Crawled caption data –
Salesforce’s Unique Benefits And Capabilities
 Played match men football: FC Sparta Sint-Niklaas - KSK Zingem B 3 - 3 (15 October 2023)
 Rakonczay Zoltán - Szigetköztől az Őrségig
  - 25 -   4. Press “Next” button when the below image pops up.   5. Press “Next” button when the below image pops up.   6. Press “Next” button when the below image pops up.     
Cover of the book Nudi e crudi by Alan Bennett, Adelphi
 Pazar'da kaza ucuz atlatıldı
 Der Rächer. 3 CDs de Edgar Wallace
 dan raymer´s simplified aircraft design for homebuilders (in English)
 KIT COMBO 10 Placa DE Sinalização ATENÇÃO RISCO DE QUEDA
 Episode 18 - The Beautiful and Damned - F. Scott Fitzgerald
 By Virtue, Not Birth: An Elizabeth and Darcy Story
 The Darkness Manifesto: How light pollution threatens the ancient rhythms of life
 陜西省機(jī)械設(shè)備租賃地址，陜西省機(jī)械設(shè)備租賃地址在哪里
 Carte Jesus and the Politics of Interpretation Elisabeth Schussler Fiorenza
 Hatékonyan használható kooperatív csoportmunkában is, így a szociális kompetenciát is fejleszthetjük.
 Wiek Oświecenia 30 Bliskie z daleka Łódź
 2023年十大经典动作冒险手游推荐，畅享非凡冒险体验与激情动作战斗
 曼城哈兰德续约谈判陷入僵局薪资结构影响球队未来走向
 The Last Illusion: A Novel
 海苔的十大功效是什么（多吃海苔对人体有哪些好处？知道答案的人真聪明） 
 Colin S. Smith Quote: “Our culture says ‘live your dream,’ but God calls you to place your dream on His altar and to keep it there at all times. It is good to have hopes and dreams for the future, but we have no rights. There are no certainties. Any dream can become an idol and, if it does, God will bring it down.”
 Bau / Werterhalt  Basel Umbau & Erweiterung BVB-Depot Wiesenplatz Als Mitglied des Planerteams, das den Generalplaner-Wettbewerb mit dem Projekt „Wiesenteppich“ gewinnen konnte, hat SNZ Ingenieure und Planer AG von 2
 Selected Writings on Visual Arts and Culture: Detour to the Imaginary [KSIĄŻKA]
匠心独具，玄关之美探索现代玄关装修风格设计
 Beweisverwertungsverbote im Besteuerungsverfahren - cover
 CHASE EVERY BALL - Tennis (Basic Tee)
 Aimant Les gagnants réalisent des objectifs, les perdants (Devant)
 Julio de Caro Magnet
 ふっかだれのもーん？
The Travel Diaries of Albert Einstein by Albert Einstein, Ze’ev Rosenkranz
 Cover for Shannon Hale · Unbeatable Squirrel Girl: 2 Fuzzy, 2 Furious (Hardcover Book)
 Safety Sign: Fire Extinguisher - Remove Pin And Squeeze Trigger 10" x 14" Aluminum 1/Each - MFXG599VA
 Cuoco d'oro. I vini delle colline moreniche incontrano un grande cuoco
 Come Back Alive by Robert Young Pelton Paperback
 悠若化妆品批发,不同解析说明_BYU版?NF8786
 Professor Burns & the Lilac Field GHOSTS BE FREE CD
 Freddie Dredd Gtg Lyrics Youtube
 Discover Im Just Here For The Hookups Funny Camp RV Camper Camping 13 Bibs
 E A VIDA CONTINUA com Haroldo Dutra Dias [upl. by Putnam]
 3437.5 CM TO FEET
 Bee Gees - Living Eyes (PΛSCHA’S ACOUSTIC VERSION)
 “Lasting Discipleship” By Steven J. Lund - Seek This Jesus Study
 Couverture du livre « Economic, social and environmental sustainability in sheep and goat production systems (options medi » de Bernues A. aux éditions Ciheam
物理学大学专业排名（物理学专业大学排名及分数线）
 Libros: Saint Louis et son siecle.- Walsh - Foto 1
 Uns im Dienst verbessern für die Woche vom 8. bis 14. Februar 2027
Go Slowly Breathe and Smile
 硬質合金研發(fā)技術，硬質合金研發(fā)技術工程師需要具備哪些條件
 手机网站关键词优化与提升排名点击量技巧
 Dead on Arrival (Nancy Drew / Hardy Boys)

Directions for this task – Using the data above, show each line where "Jesus" occurs.

Your solution –
 Carte Jesus and the Politics of Interpretation Elisabeth Schussler Fiorenza
 “Lasting Discipleship” By Steven J. Lund - Seek This Jesus Study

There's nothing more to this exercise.